Work to complete:
The stretch wanted below opens at the line containing "Limitless Biotech's MK677 5g bottle" and closes at the line containing "HERSHEY'S Milk and". Please return it exactly, with no other lines.

[Opening Records section]

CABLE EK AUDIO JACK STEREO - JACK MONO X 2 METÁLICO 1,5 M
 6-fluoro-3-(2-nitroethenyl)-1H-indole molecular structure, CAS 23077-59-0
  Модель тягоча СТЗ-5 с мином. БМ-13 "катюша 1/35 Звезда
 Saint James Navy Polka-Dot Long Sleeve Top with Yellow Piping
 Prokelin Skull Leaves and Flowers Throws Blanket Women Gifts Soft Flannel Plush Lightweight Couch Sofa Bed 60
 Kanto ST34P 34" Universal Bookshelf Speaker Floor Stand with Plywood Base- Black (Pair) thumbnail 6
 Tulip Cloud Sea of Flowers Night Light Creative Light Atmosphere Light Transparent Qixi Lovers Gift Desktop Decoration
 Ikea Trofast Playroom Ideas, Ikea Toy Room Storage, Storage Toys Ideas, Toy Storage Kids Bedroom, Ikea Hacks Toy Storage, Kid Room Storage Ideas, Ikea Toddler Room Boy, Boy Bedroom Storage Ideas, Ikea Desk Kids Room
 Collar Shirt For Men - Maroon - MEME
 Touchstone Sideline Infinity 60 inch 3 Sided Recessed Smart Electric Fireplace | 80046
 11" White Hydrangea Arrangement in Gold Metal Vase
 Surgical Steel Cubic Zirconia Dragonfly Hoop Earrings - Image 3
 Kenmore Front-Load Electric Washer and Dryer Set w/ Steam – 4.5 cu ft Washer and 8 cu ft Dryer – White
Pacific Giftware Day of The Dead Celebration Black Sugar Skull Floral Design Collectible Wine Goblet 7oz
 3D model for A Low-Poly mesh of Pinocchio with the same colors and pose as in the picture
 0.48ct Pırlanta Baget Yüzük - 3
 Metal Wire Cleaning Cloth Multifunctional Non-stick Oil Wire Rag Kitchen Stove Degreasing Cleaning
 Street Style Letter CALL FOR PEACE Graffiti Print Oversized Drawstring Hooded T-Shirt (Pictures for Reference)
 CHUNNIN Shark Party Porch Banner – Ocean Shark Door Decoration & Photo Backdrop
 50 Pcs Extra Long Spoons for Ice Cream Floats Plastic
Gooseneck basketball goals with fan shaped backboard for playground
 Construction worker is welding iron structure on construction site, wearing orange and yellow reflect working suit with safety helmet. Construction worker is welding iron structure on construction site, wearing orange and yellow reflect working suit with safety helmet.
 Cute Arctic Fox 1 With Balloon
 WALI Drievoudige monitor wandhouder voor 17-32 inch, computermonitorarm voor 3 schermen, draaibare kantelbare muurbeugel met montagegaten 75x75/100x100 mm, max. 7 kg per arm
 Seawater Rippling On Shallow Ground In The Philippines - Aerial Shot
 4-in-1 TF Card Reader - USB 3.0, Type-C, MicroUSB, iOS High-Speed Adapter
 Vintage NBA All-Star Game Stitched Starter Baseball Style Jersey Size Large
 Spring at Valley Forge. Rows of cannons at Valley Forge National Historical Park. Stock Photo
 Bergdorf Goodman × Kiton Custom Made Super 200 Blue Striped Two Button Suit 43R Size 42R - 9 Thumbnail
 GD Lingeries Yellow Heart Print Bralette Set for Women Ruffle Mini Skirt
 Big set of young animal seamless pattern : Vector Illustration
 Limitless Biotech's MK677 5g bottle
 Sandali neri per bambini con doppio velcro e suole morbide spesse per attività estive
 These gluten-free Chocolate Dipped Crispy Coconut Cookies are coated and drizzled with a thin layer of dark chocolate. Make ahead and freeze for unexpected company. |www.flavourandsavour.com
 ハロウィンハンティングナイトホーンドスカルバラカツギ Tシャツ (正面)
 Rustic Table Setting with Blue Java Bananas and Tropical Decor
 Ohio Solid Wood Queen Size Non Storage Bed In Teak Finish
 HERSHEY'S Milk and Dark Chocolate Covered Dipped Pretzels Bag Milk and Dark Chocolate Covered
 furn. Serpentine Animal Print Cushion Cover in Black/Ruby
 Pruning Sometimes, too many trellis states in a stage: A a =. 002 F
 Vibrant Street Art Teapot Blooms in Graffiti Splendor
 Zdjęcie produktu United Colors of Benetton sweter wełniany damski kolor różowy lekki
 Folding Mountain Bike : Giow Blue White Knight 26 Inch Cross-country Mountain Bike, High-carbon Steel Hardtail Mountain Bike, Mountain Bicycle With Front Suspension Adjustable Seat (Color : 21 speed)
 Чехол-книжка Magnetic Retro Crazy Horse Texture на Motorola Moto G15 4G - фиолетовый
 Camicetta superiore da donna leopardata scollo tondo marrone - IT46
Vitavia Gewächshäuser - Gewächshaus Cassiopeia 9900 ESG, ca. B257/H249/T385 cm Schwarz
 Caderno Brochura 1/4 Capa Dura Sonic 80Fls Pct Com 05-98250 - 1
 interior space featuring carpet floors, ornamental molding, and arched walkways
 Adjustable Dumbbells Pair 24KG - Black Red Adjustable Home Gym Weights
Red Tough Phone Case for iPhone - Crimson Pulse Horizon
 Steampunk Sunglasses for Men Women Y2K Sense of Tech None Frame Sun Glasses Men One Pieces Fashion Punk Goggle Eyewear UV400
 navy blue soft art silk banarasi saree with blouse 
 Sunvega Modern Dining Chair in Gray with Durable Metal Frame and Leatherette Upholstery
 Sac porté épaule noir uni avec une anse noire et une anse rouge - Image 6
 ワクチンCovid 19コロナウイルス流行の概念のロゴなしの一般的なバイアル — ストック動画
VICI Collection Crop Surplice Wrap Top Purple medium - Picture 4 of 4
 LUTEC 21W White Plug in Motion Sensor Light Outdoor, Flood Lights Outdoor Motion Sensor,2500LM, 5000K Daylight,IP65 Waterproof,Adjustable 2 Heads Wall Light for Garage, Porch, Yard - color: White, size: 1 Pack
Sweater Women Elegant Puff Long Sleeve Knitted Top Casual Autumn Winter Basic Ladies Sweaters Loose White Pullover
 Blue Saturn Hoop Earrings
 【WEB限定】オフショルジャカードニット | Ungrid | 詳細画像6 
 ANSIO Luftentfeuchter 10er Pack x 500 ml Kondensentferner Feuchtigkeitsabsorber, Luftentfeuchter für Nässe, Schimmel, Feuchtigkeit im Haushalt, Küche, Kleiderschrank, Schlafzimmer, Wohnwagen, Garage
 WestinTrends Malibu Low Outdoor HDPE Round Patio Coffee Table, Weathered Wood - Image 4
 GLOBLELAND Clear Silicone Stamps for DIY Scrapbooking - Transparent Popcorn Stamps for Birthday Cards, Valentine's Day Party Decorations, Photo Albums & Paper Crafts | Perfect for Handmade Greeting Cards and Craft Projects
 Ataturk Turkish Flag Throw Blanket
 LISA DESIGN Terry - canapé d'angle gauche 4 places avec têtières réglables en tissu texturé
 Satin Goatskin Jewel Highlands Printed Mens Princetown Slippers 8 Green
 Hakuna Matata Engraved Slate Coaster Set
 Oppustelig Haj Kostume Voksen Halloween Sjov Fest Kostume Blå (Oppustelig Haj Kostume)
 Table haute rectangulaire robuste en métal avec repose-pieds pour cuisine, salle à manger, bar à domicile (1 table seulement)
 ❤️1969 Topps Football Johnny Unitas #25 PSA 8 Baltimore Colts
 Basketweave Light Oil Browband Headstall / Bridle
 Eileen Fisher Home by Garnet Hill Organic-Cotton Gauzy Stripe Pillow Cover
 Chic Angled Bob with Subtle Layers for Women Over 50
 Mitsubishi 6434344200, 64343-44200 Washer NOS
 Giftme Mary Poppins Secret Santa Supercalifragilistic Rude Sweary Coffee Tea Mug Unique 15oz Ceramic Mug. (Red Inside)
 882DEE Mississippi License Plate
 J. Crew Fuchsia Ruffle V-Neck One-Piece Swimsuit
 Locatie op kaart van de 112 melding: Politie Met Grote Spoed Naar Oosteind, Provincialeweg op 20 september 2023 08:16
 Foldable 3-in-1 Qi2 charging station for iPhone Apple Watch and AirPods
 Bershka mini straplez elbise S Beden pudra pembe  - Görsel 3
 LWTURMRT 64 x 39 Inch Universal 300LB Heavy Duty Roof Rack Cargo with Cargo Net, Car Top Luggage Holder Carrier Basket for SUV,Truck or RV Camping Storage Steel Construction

[Closing Records section]

Exercise solution:
 Limitless Biotech's MK677 5g bottle
 Sandali neri per bambini con doppio velcro e suole morbide spesse per attività estive
 These gluten-free Chocolate Dipped Crispy Coconut Cookies are coated and drizzled with a thin layer of dark chocolate. Make ahead and freeze for unexpected company. |www.flavourandsavour.com
 ハロウィンハンティングナイトホーンドスカルバラカツギ Tシャツ (正面)
 Rustic Table Setting with Blue Java Bananas and Tropical Decor
 Ohio Solid Wood Queen Size Non Storage Bed In Teak Finish
 HERSHEY'S Milk and Dark Chocolate Covered Dipped Pretzels Bag Milk and Dark Chocolate Covered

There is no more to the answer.